MEI x ME: diferenças que mais impactam o dia a dia

As diferenças mais relevantes aparecem no limite de receita, na possibilidade de ter sócios e na complexidade fiscal. Para varejo, atacado, farmácia/drogaria, perfumaria, autopeças, bares e restaurantes, a mudança pode ser o passo natural para ampliar mix, contratar equipe e negociar com fornecedores maiores.

  • Faturamento: o MEI tem teto anual específico do SIMEI; a ME pode operar com limites maiores conforme o enquadramento (ex.: Simples Nacional como ME).
  • Atividades: MEI tem lista restrita; ME permite um leque muito maior de CNAEs.
  • Estrutura societária: ME pode ter sócios (ex.: Sociedade Limitada), o que é comum em centros de distribuição, software e operações com investimento.
  • Tributação: ME pode optar por Simples, Lucro Presumido ou Lucro Real, dependendo da atividade e margens.
  • Obrigações: aumentam exigências de escrituração, declarações e controles (estoque, custos, folha).

Principais motivos para desenquadrar do MEI e virar ME

O desenquadramento acontece quando você escolhe sair do SIMEI ou quando é obrigado a sair por regra. Entender o motivo define a data de efeito e evita cobrança retroativa, multas e inconsistências no CNPJ.

Os motivos mais comuns são crescimento de receita, necessidade de contratar mais, mudança de atividade e entrada de sócios. Em negócios de varejo e alimentação (mercado, mercearia, padaria, conveniência, lanchonete), o ponto crítico costuma ser o volume de vendas e a folha.

Situações típicas que exigem a mudança

  • Excesso de faturamento: ultrapassar o limite do MEI exige desenquadramento e pode alterar a forma de tributação a partir do mês/ano conforme a regra aplicável.
  • Atividade não permitida no MEI: inclusão de CNAE vedado obriga a saída do SIMEI.
  • Mais de um empregado: MEI possui restrição de contratação; ao expandir equipe, a ME costuma ser o caminho.
  • Entrada de sócio: MEI não admite sociedade; ME permite.
  • Necessidade de estrutura fiscal: operações com atacado, centros de distribuição, energia e software frequentemente exigem controles e contratos incompatíveis com MEI.
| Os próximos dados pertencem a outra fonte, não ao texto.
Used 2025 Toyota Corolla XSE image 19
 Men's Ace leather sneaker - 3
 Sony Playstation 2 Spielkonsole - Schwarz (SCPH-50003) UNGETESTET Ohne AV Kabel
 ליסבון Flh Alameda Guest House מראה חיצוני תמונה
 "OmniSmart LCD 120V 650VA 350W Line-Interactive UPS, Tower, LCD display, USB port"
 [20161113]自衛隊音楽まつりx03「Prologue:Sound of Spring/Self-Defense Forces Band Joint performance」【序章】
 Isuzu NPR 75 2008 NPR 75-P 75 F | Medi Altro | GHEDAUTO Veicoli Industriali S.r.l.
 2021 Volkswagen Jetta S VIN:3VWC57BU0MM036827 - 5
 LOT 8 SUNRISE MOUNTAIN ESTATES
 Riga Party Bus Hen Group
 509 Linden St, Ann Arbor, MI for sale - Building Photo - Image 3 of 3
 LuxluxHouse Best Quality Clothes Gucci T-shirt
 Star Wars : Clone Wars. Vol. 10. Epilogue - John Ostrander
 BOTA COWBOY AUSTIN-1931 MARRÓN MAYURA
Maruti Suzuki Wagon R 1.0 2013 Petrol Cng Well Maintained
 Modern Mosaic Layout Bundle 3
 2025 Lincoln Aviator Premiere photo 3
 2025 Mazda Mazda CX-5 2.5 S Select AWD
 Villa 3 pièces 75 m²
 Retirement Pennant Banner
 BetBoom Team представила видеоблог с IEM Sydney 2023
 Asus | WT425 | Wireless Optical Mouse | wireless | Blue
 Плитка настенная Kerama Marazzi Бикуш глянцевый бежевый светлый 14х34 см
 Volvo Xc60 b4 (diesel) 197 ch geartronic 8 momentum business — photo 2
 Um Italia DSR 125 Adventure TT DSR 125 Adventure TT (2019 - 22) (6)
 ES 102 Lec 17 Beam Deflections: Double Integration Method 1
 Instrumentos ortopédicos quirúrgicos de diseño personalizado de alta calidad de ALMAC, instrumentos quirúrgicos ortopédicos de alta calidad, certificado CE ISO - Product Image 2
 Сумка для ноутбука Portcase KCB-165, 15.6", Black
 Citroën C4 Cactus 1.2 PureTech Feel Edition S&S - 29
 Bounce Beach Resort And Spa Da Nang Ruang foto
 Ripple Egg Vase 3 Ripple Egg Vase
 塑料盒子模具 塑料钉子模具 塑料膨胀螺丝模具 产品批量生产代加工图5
Passo a passo para mudar de MEI para ME sem travar o CNPJ

O caminho para sair do MEI e virar ME envolve três frentes: desenquadramento no Portal do Simples, alteração cadastral (natureza jurídica/registro) e escolha do regime tributário. Fazer na ordem correta reduz risco de pendências, especialmente para quem emite NF-e/NFS-e diariamente.

O ideal é alinhar com um contador antes de executar, porque a data de efeito impacta impostos, folha e obrigações acessórias.

1) Planeje a data de mudança e simule impostos

Defina se a saída será por opção (planejada) ou por obrigatoriedade (ex.: excesso de receita). Em seguida, simule cenários no Simples Nacional (Anexos e alíquotas), e, se fizer sentido, compare com Lucro Presumido. Para drogarias, perfumarias, autopeças e atacado, a margem e o mix de produtos podem mudar muito a melhor escolha.

2) Faça o desenquadramento do SIMEI no Portal do Simples

O desenquadramento do SIMEI é feito no ambiente oficial do Simples Nacional (gov.br/Receita Federal). Você informa o motivo e a data de efeito. Guarde o comprovante, pois ele ajuda a justificar alterações cadastrais e eventuais fiscalizações.

3) Atualize o cadastro/registro para ME (natureza jurídica e ato constitutivo)

ME é porte empresarial; para existir como empresa fora do MEI, você precisa de um formato jurídico e registro adequados. Em geral, isso envolve:

  • Definir a natureza jurídica: Empresário Individual, Sociedade Limitada (LTDA), Sociedade Unipessoal, entre outras possibilidades conforme o caso.
  • Elaborar o ato constitutivo: Requerimento de Empresário ou Contrato Social (se houver sócios).
  • Registrar na Junta Comercial (ou Cartório, conforme a natureza/atividade e estado).
  • Sincronizar o CNPJ via integração com a Receita Federal e órgãos estaduais/municipais.

4) Ajuste inscrições e licenças (estadual/municipal e sanitária, quando aplicável)

Para varejo, atacado, mercado, farmácia/drogaria e perfumaria, a inscrição estadual e o vínculo com a SEFAZ são críticos para NF-e e ICMS. Para bares, restaurantes e padarias, licenças municipais e alvarás precisam refletir a nova realidade.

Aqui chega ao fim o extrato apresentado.